The idea
A self-hosted bookmark service with one twist: the moment you save a URL, the page is archived as a self-contained snapshot (HTML + assets + screenshot) to your own storage. When the site eventually goes down or hides behind a paywall, your copy still works. The reading view shows the live page when available and falls back to the local snapshot automatically.
Why build this
Link rot is universal — studies put the half-life of a typical web page at 5–7 years, and "cool URIs don't change" remains a fantasy. Pinboard added Wayback fallbacks years ago, but everything else (Pocket, Raindrop, Linkding) treats archiving as either a paid add-on or a manual export. With single-file HTML capture tools (SingleFile, monolith) now mature, a personal archive that actually outlives the open web is a weekend project rather than an infrastructure undertaking.
Stack sketch
- Frontend: SvelteKit — the bookmark form, list, and reading view. Tailwind for styling.
- Backend: A Go service handling the archive worker queue (high concurrency, cheap memory).
- Capture engine:
monolith(Rust CLI) for self-contained HTML, plus a headless Chromium screenshot viachromedp. - Storage: SQLite for metadata, plain filesystem (or S3-compatible like MinIO) for snapshots.
- Browser extension: A Manifest V3 extension with a single "Save here" button — no popup form, instant capture.
Scope for v1
In: - Save URL via web form, browser extension, or POST to an HTTP endpoint. - Background worker captures HTML snapshot + 1280×720 screenshot. - List view with title, snapshot thumbnail, source domain, save date. - Reading view: prefer live page, fall back to local snapshot on HTTP error or DNS failure. - Full-text search across captured content (SQLite FTS5).
Out: - Tagging, folders, sharing — pure save-and-find for v1. - PDF rendering of snapshots. - Mobile app — the extension plus a responsive web UI is enough.
Where it could go
The most interesting next branch is change tracking: re-capture saved pages on a schedule, diff the HTML, and surface "this article was edited" or "this page disappeared" alerts. That turns a passive archive into an active research tool — useful for tracking corporate policy pages, government sites, or competitor product pages.
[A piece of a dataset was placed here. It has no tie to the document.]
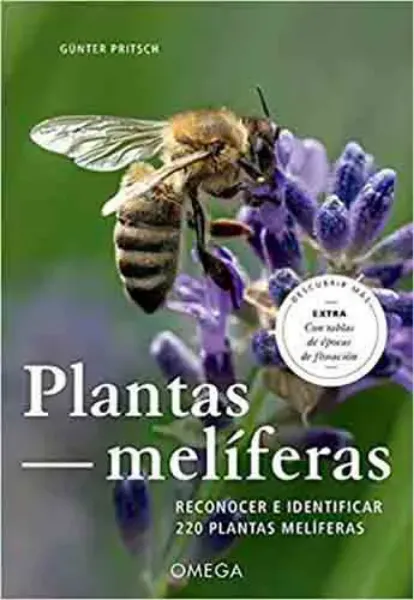 Imagem de Plantas Melíferas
Beyond that: a small federated layer where multiple personal instances share archive coverage of public URLs ("someone else already archived this; want their copy?") would make the network of personal Waybacks more useful than any single one — without requiring a centralized service like archive.org.
Watch out for
Two real risks. First, capturing logged-in pages requires shipping browser cookies through to the headless capture, which is a security minefield — start with public-only capture and add authenticated capture only behind a clear opt-in. Second, storage grows fast: a single rich page can be 5–20 MB with all assets inlined, so a heavy user will hit hundreds of GB within a year. Plan for tiered storage (local SSD for recent, S3/cold for old) before you have a problem, not after.